Crecí entre huelgas mineras. Aquellas que hacían que el colegio cerrase y las calles del pueblo se quedasen desiertas, casi adivinando lo que sería el futuro con el cierre de los pozos. Éramos conscientes de que la mina era mucho más que una pregunta a la tierra. Esa pregunta, a veces, se respondía con voladores y ruedas ardiendo. Otras veces, menos amargas, con la anécdota y la risa entre culetes de sidra. Pero si había una respuesta mejor, esa fue, sin duda, la de Jesu, el amigo de mis padres.
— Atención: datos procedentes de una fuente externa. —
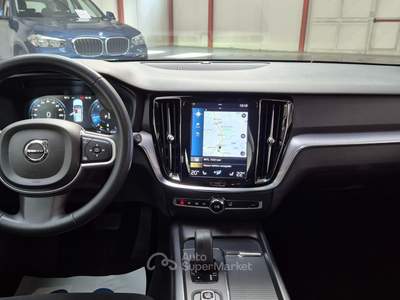 Volvo V60 2.0 b4 Momentum Bus. auto 197CV Nero usata Bolzano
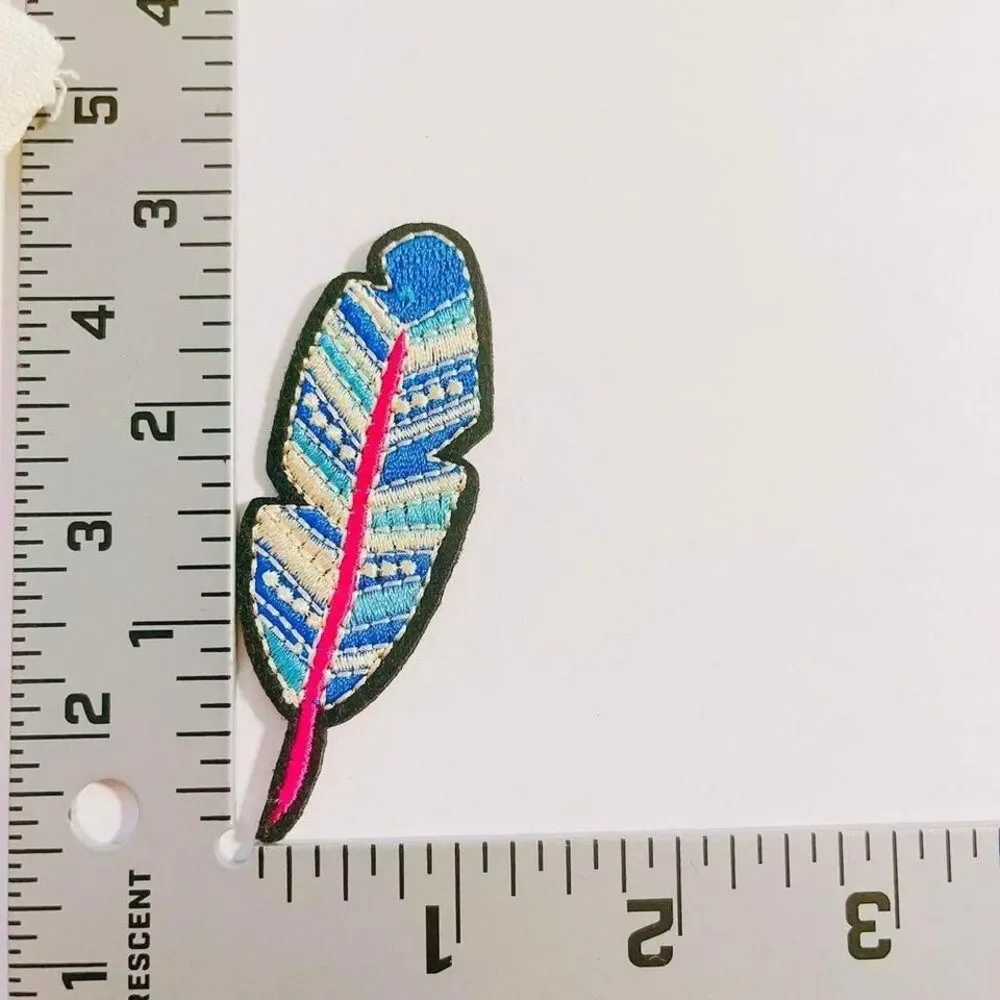 Feather-Iron on Patch‎
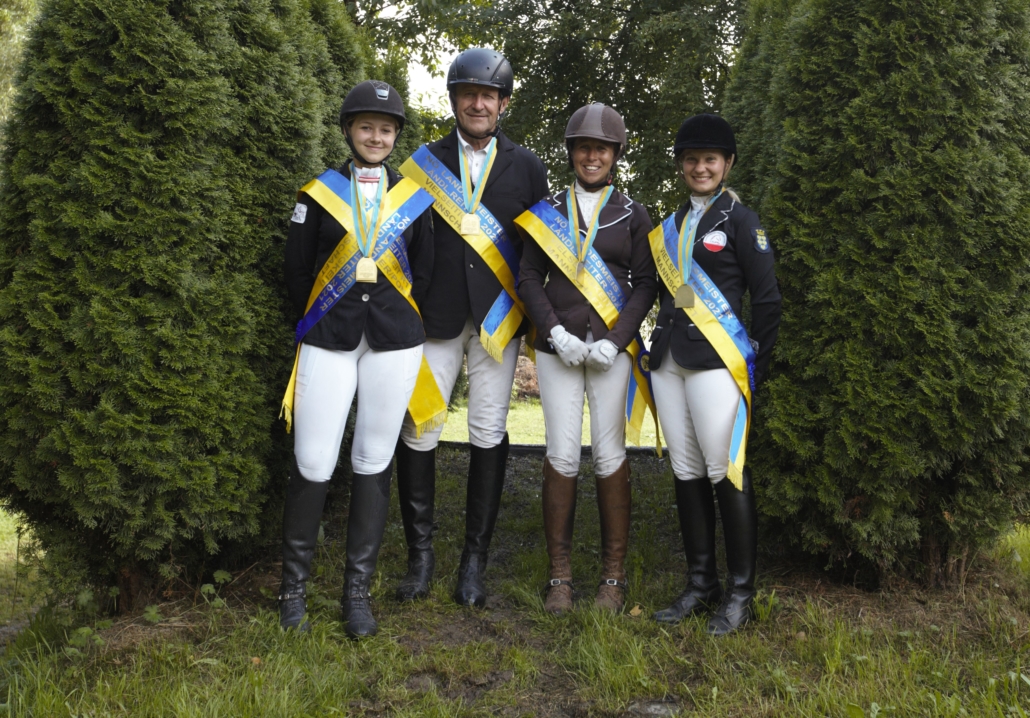 Ländliche NÖ Landesmeister Mannschaft: 3 Hasen für Leo (Bettina Schreiner, Lisa Pribil-Sumetsberger, Claudia Stoiser & Leopold Erasimus). © Thaddeus Eisenhut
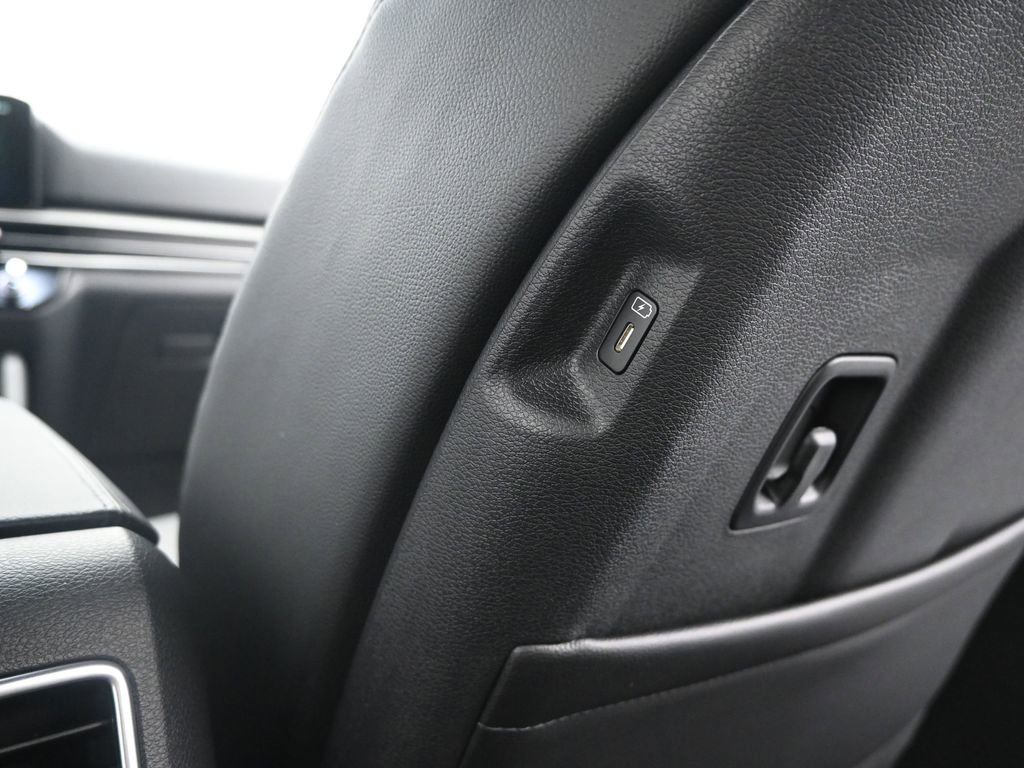 New 2026 Kia Sportage X-Line w/ X-Line Premium Package image 14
Jesu no era minero, era mago. Y me lo demostró una tarde en su casa, cuando me hizo el típico truco de separar un dedo de la mano y devolverlo a su sitio. Claro que lo de Jesu fue distinto: se le olvidó esa segunda parte y, desde aquel día, anduvo por ahí sin dedo. Por mucho que yo le tocase la falange intentando descubrir dónde estaba el truco, no había manera. Nada: el dedo no estaba por ninguna parte. Y siguió sin estar durante años.
Cuando mis padres consideraron que ya era lo bastante mayor, me contaron que lo de Jesu no fue magia, fue un accidente en la mina. No sé si por descuido, mala suerte o fallo de una máquina. Ni quise ni supe preguntarlo. De la misma manera que él ni quiso ni supo abonar la infancia con tragedia. Eligió, de entre todas las opciones, hacer de la desgracia una posibilidad: la de que yo creciese creyendo en la magia.
Jesu no era minero, era mago. Y volvió a demostrármelo cuando, pasados varios años, se cerraron los pozos y mi mundo —mi Cuenca Minera— perdió su propia identidad. No quedó ni rastro de la magia. Solo una herida en la mano y la certeza, a cielo abierto, de una pregunta que ya no tenía lugar.